By WARREN PEACE | STARS AND STRIPES Published: June 14, 2010

A botanical ark rises from the blue-green waters of Lake Constance, and for a price you can get a boarding pass to experience what nature lovers have spent more than 150 years collecting.

The island of Mainau is just off the northwest shore of the lake that covers an area where Germany, Austria and Switzerland meet in the Rhine valley, and is a perfect getaway for the summer. The flowering plants are beautiful, and so are the grounds of the small island’s 110 acres. The property is meticulously manicured to the point where groundskeepers seem to constantly be polishing areas that would already make the Garden of Eden jealous.

Romans settled in the area in the first century B.C., giving it a castle, shipyard and a naval base. The small island changed hands many times, passed among nobles and nations until Grand Duke Friedrich I of Baden purchased it for his personal property.

He brought trees, many of them exotic, that he had collected during his travels and used them to establish an arboretum in 1853. It now contains 500 species of trees, many exotic and valuable, including fine specimens of sequoia trees. The redwoods there may not be as big as the ones in California, from where they were imported, since they are just infants compared with their thousands-of-years-old kin.

The island has a variety of other plants, including seasonal displays in the large covered Palm House. It features not only palm trees but also tropical flowering plants.

Other displays include orchids, tulips, dahlias and roses — the island’s management boasts more than 1,000 rose varieties and hundreds of other flowers from across the globe.

Attractions aren’t limited to plants. A small farm with Shetland ponies, donkeys, chickens, sheep, goats and small cattle is near the southern coast. A tropical butterfly house is home to countless butterfly and moth varieties from Africa, Asia and Central and South America and plants from the caterpillars’ native lands. There are also exhibits promoting energy conservation.

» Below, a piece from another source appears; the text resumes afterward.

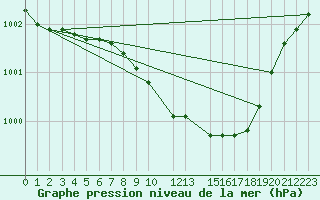 Courbe de la pression atmosphrique pour De Bilt (PB)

Food is almost as ample as plants. There is a range of eateries from wurst stands to cafes to formal resturants with a wine cellar featuring local vintages.

A large playground surrounded by benches seems to be a good place for parents to relax while their kids burn off some of the sugar from the multiple ice cream and snack stands scattered around the grounds.

Directions: Driving to Mainau from Stuttgart is pretty simple. Go south on Autobahn 81 for about 80 miles and take exit 40-Kreuz Hegau to B33 toward Constance for about 20 miles. From there you will see many signs directing you to the island. You’ll know you are close if you see a large zeppelin floating in the sky. Leave your car at the parking lot and take the pedestrian bridge leading directly to the island.

Times: The grounds are open sunrise to sunset March 21 to Oct. 24 and 9 a.m. to 5 p.m. the rest of the year.

Costs: Tickets cost 15.90 euros for adults, 8.50 euros for students 13 and older (with ID) and are free for ages 12 and younger. Family tickets, group rates and season passes are also available. Parking costs 4 euros.

Food: Restaurants include snack bars, a palace cafe, self-service cafeteria, country-style inn with beer garden and a formal restaurant. Prices range from a few euros for snacks to 10 euros for a full lunch to 50 euros for the most expensive dinners. Rooms can be reserved for large groups.

Information: For more on Mainau’s history, attractions, directions and  tours, see the website www.mainau.de. For specific details, including group tours, call 07531-3030

Covered in thousands of species of flowers, the island of Mainau is referred to as the 'flower island' by the locals.